Members stressed that Pakistan’s SDG commitments — particularly SDG 3 on health and well-being, SDG 4 on quality education, SDG 10 on reducing inequalities, and SDG 13 on climate action — need to show up in how budget resources are actually allocated, not just in policy statements.

The link between population growth and strained public services was widely acknowledged. Overcrowded classrooms, under-resourced health facilities, housing shortfalls, water stress, and a lack of decent jobs remain persistent barriers to better development outcomes. Participants argued that these issues require deliberate, targeted investment rather than short-term or reactive spending.
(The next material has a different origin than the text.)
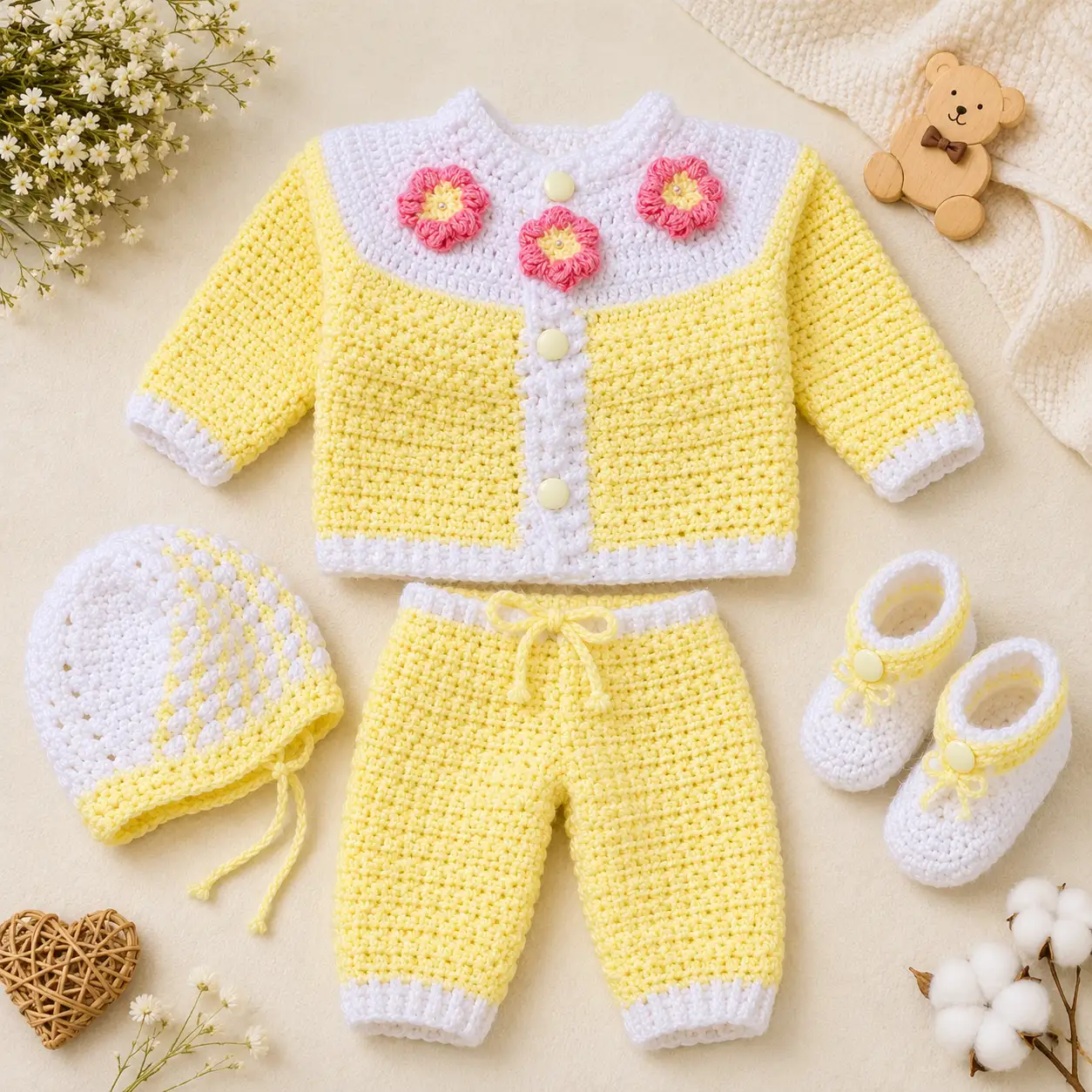 Handmade Crochet Baby Sweater Set for Newborns & Toddlers - Image 7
Discussion also highlighted the particular value of investing in girls’ education, maternal and reproductive health, and service delivery at the community level. These interventions are among the most widely proven tools for raising development outcomes, expanding workforce participation, reducing poverty, and supporting demographic stabilization over time.
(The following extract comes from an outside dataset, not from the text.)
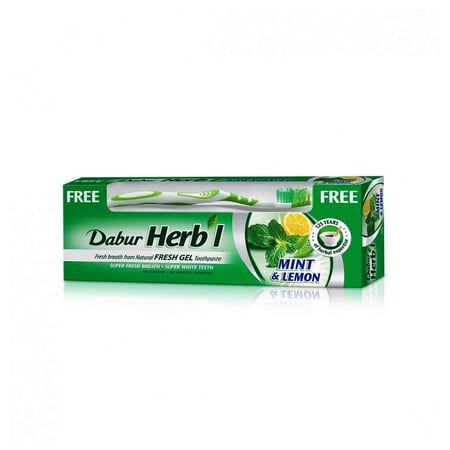دابر معجون اسنان ليمون ونعناع 150 مل مع الفرشاة مجانا | DABUR HERBL MINT AND LEMON TP 150G+TB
Climate resilience was flagged as an equally urgent area. Pakistan is among the countries most exposed to climate shocks despite being responsible for only a tiny fraction of global emissions. As climate-related disasters take a growing toll on livelihoods, agriculture, infrastructure, and public health, participants argued that adaptation, disaster preparedness, water management, and climate-proof infrastructure need to become core elements of national planning — not afterthoughts.

Members also pushed back against the idea that spending on education, health, and climate is at odds with fiscal discipline. The international record, they said, shows the opposite: countries that invest consistently in human development tend to deliver stronger economic performance, greater social stability, and more sustainable public finances over time.

The Parliamentary SDGs Taskforce closed the session by reaffirming its role in fostering evidence-based parliamentary dialogue on sustainable development and strengthening the legislature’s engagement with policies that advance Pakistan’s SDG agenda.